SPIRITUALITY
Mabo Day/Reconciliation Week, June 3

G20 Mural Project Brisbane
Artist: Guido van Helten
PROJECT MANAGEMENT: Jugglers Art Space Inc, Visible Ink, Queensland Rail.
Each year on June 3 since the The High Court of Australia ruled in favour of Eddi Koiki Mabo’s victory in overturning the spurious British law terra nullius, people remember the new day that was brought about by Eddie’s campaign. In the light of this ruling, native title was established in Australia and is known as The Native Title Act, 1993. A national holiday is yet to be legislated in his memory.
Spirituality is not locked up only in the rigorous disciplines of a Thomas Merton in a Gethsemane Monastery, Kentucky, hermitage or in a group retreat at Woodford Folk Festival. First nations’ people in Australia have always listened to country for where the voice’s life is. They have done this for thousands of years circled about and founded on their own mythologies and customs.

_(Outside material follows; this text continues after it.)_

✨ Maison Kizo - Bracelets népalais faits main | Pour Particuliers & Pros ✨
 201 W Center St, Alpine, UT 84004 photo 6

Their stories have not been given room and space in the dominant white colonial culture in Australia since the invasion in 1788 but there is a growing evolution of interest and story telling around the nation that is giving these stories and rights room. Devastatingly, racial blindness and deeper racism persists and has gained some ground as the failed 2023 Voice Referendum attests to. A recent decision by the CEO of NRL Melbourne team Storm to not to allow Welcome to Country at an Anzac day game in Melbourne – later reversed after massive public outcry – and the attrocious outspoken neo-nazi attack on an aboriginal elder during the Melbourne Shrine of Remembrance Dawn service on ANZAC Day is indicative of a push back post The Voice failure by the white male majority who will not leave their narrow violent racist world views and embrace a better way of being in community in a world that is hungry for justice, grace and kindness. Major health concerns, incarceration and lack of mental fitness persist at an alarming rate in aboriginal communtiies and these have been added to by the failure of The Voice. But theirs is a long and determined walk to see rights and reconciliation alive, maturing and celebrated deeply and widely. Ours – I speak as a white Australian male – is at times only turning on click bait time frames and convenience. I am not, however, either nihilistic or overly optimistic of a better Australia in regards to this in my lifetime.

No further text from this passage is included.